In those five years, there's been a big change in how I present myself online, how I talk about myself, how I, you know, I wouldn't even for a long period of time show like full body images of myself. And now I don't care. So, yeah, listening back, can hear those nerves because it's the first time I'm really talking about this. But as I've listened to this episode, I've realised that I had no idea.
I knew what I knew at that time and I had, I talk about this being a bigger conversation. Oh, I didn't barely scratch the surface in this episode. I barely scratched the surface. I was on the right track as I know, but I barely scratched the surface and I had no idea how much, how much there was to learn and how much of a bigger conversation there was still to have.
Um, and probably is still to have, but yeah, listening back, it's interesting hearing myself talk about those nerves because each step of this as I, you know, up until really, I mean, starting the podcast, this podcast, the culture of it all last year, that, that was nerve wracking. And then starting to take TikTok more seriously, that was nerve wracking.

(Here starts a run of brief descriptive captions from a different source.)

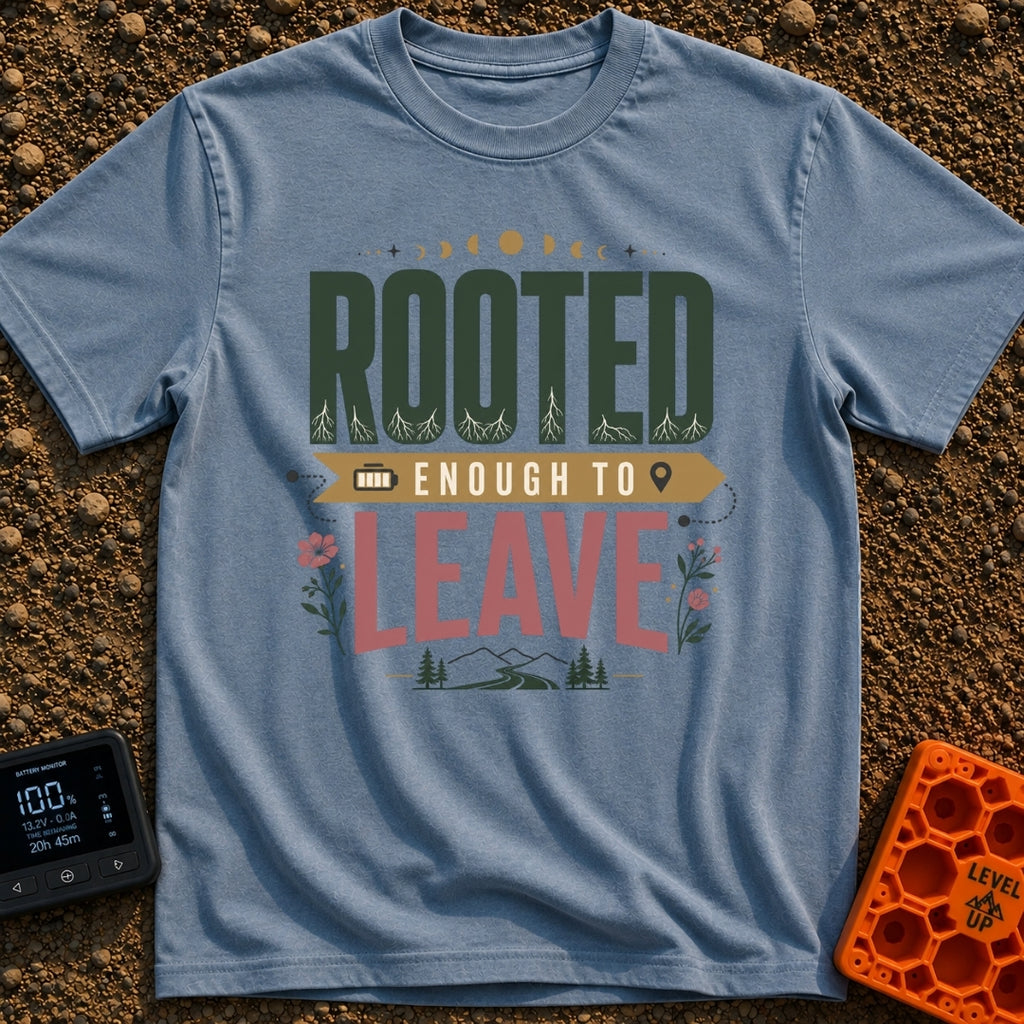 Rooted Yet Roaming - T-Shirt in Blue Jean - A typographic design reading "ROOTED ENOUGH TO LEAVE" with roots drawn inside...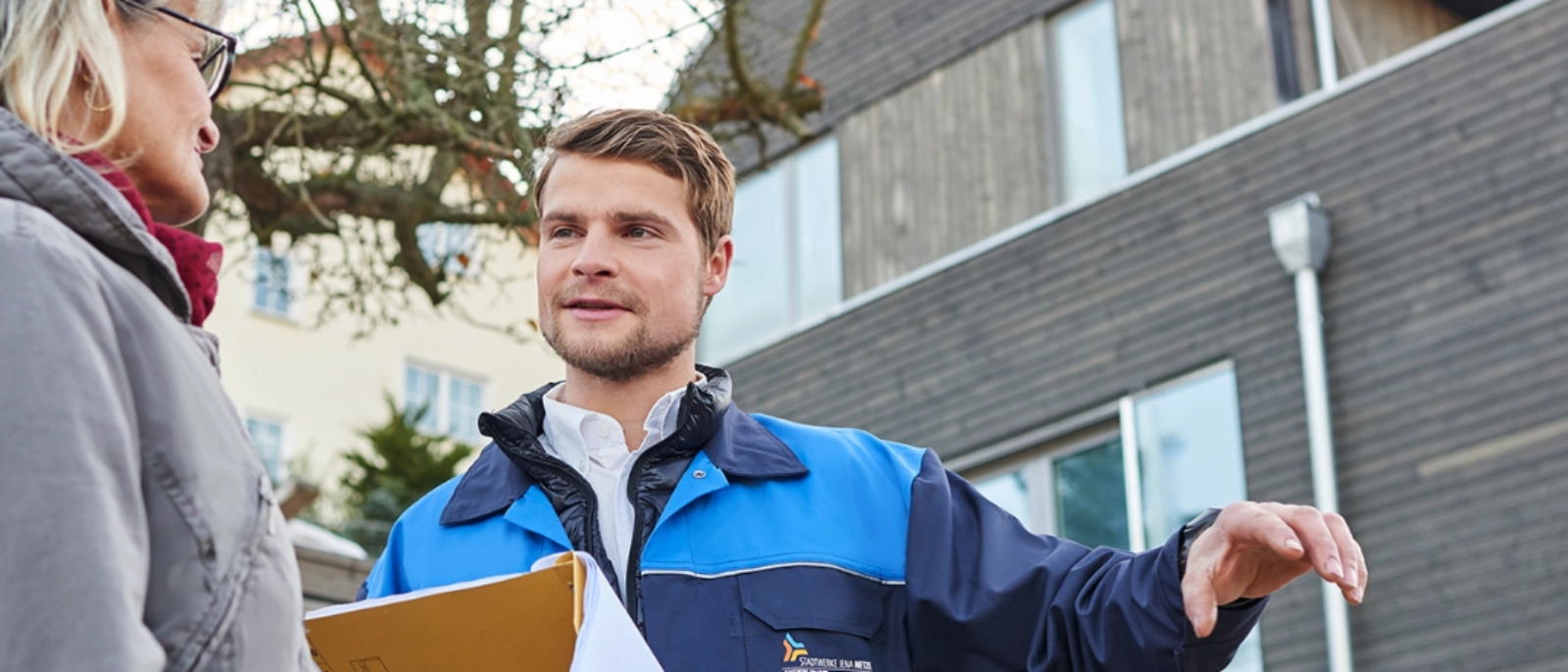 Mitarbeiter der Stadwerke Jena Netze vor einem Haus im Gespräch mit einer Frau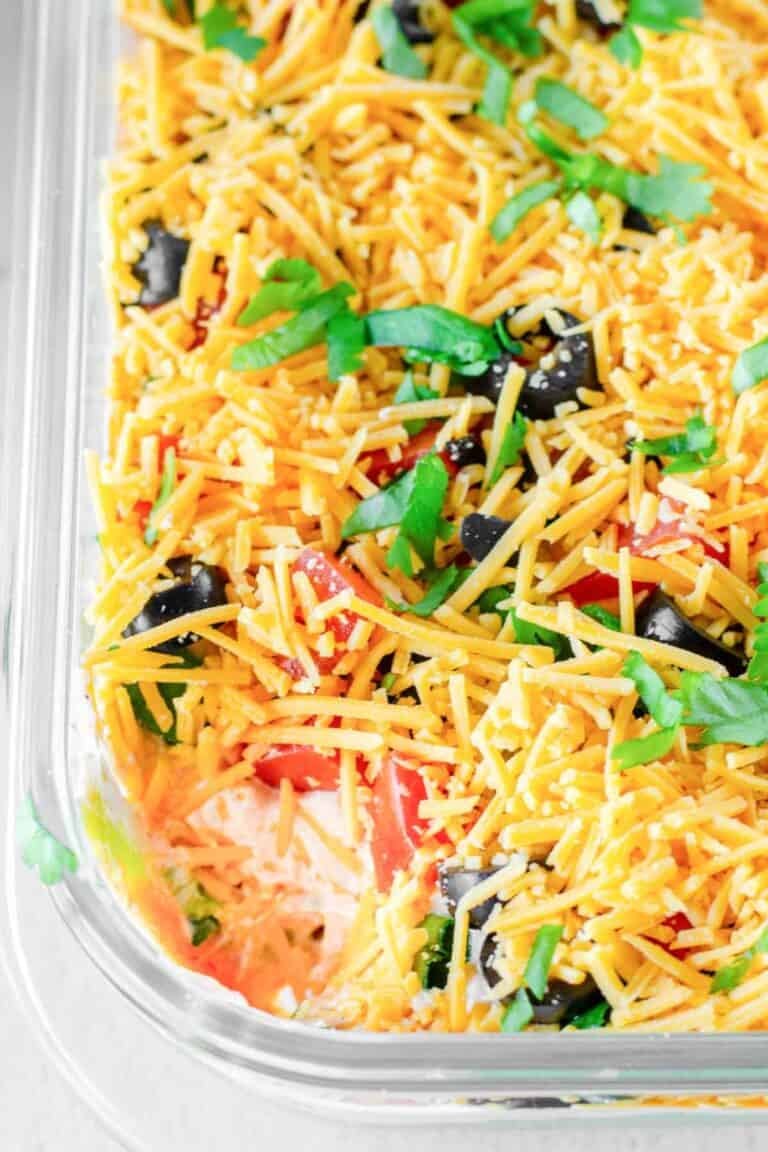 Homemade 7 layer dip in a glass dish.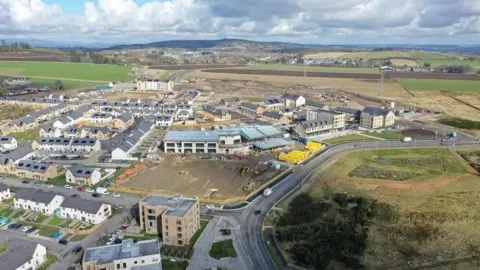 Shepherd Chartered Surveyors/FRP Advisory An aerial view of the Countesswells development under construction, with its primary school in the centre of shot.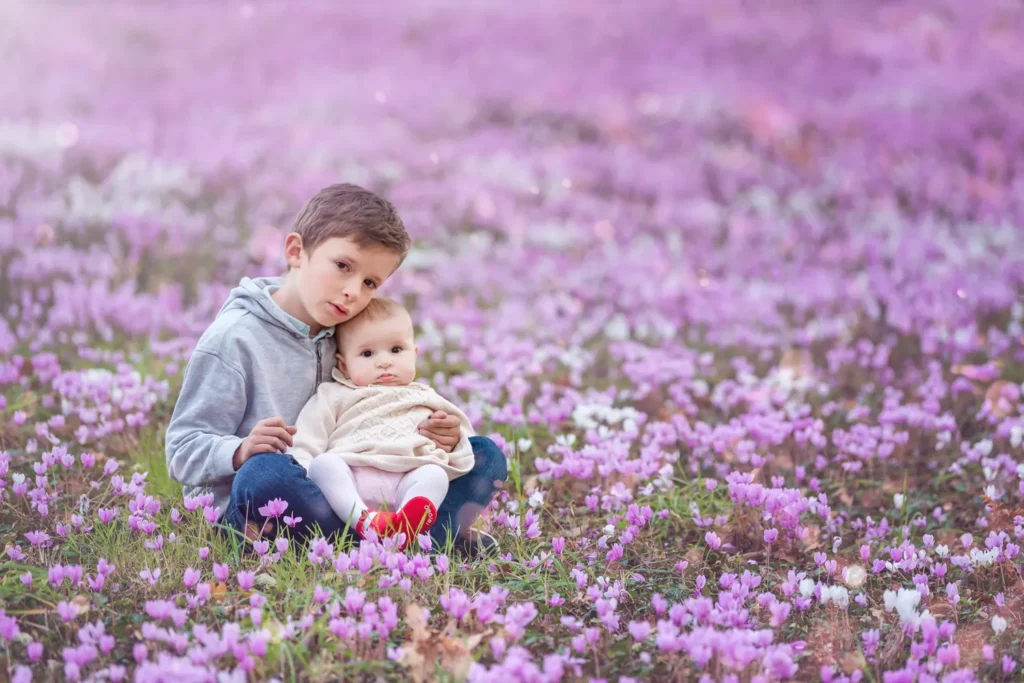 Frère et soeur se faisant un câlin dans les fleurs.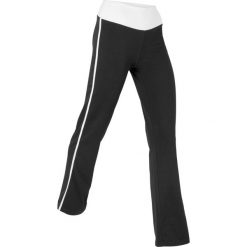 Spodnie sportowe z bawełny ze stretchem. Czarne spodnie dresowe damskie bonprix, bez wzorów, z bawełny, na fitness i siłownię. Za 79.99 zł.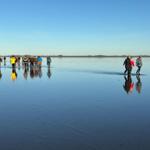 Menschen gehen auf einer eisbedeckten Fläche. Im Hintergrund sind Windräder sichtbar.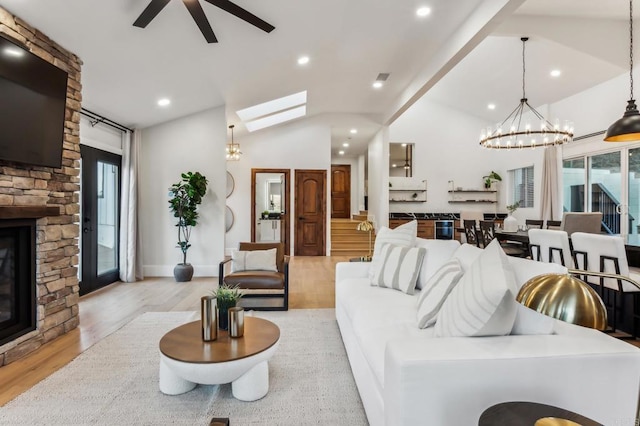 living room featuring lofted ceiling with skylight, ceiling fan with notable chandelier, recessed lighting, light wood-style floors, and a fireplace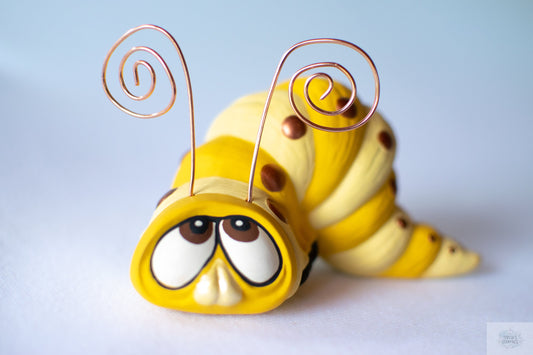 yellow small worm ceramic figurine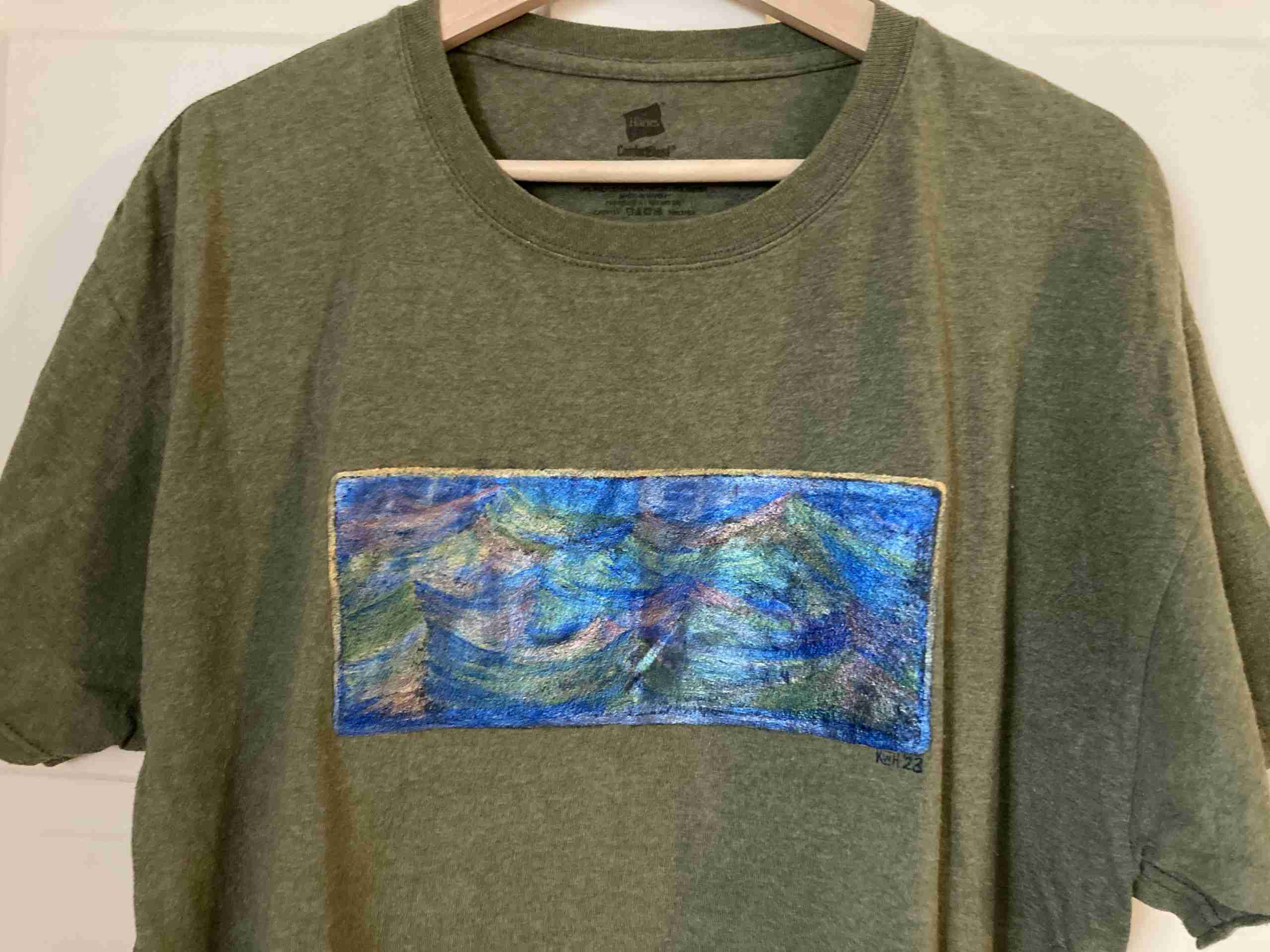 a green t - shirt with a painting on it.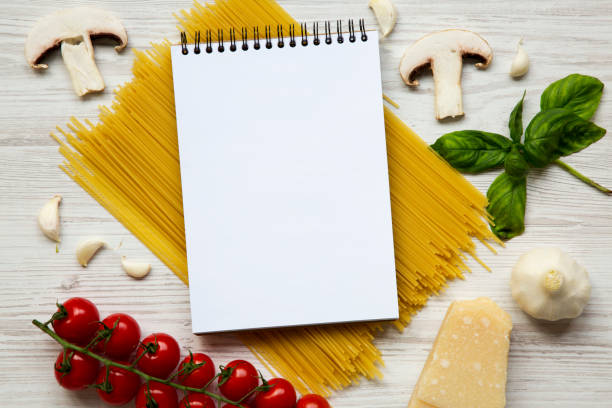 istock Different ingredients for cooking pasta with notebook on a white wooden background. Top view. Flat lay. From above. Space for text. 959153672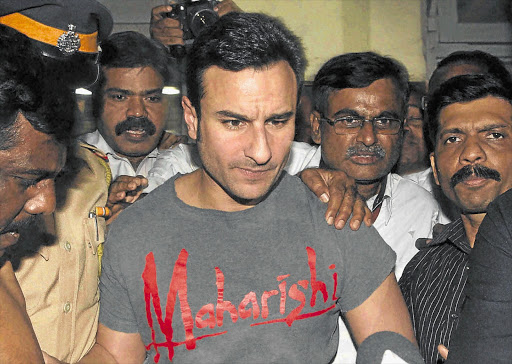 Saif Ali Khan is escorted by Mumbai police this week. The Bollywood star has been charged with assaulting two diners at the Taj Mahal Palace hotel in Mumbai.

So this still continues to be.
parts of this that make me nervous and make me feel vulnerable because you are sharing your thoughts with the world, that's scary in itself, but to have an opinion that is so polarising, or, you know, seemingly so polarising, I don't think it's that polarising at all, but, you know, society does. And I think that...
that kind of really... it helped, it held me back and it really helped. made me cautious of how I spoke about these things. It's interesting to listen back and to hear the parts of this that I've already like, ⁓ okay, I was already using certain words or certain language and then also...
in the same space I'm using still binary language talking about food and fitness and I was like ugh okay but yeah so let's listen to the next clip
Melanie Knights [she/they] (12:14)
think it's important for me to start this episode by answering the question, who the hell am I to be having this conversation with you?
I have spent most of my 33 years on this planet focused on my body image in some way, trying to take up less space, dieting, weight loss, abusing my body. Yeah, most of my life has been spent really immersed in diet culture from a very young age, probably around the age of 11. That's when I remember one of my first diets, but there's a good chance it was before that.
Even as an adult, even after I started my own health and fitness business back in 2016, gained a number of qualifications from metabolic effect and coached other women, I still struggle. I still struggle with the food choices I make. I still struggle with being consistent in certain areas of my fitness.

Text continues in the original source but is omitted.